Records for processing →
>>

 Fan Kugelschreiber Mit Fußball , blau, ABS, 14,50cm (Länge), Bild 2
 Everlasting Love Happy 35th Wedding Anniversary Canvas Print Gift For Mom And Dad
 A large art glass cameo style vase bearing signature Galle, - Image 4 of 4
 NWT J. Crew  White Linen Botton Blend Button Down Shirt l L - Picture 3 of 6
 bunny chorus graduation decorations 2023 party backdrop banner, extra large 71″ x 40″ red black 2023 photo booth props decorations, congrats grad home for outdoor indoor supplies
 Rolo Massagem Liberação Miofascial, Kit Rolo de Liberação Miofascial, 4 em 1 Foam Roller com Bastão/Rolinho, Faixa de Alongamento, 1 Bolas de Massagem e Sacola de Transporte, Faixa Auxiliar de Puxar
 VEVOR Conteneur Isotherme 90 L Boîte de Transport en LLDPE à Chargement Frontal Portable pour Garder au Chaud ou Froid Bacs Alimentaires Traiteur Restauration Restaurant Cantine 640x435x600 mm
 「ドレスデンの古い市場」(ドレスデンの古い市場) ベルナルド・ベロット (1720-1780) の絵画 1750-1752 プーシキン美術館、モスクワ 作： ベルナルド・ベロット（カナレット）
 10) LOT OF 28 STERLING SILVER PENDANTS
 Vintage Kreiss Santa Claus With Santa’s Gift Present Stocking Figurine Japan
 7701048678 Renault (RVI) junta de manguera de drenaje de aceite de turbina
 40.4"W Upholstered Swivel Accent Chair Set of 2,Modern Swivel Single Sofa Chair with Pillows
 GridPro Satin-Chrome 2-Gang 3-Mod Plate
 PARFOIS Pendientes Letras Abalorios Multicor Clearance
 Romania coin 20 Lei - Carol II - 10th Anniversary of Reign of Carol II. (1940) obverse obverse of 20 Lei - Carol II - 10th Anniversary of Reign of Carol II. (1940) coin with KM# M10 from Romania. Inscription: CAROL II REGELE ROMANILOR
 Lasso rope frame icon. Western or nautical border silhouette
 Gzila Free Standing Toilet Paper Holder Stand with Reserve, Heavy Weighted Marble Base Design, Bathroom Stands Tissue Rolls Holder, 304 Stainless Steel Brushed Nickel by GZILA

<<

Work to be completed →
All that is needed is the exact run of lines above from the line containing "A large art" through the line containing "Rolo Massagem Liberação", both of them included.

Problem solution →
 A large art glass cameo style vase bearing signature Galle, - Image 4 of 4
 NWT J. Crew  White Linen Botton Blend Button Down Shirt l L - Picture 3 of 6
 bunny chorus graduation decorations 2023 party backdrop banner, extra large 71″ x 40″ red black 2023 photo booth props decorations, congrats grad home for outdoor indoor supplies
 Rolo Massagem Liberação Miofascial, Kit Rolo de Liberação Miofascial, 4 em 1 Foam Roller com Bastão/Rolinho, Faixa de Alongamento, 1 Bolas de Massagem e Sacola de Transporte, Faixa Auxiliar de Puxar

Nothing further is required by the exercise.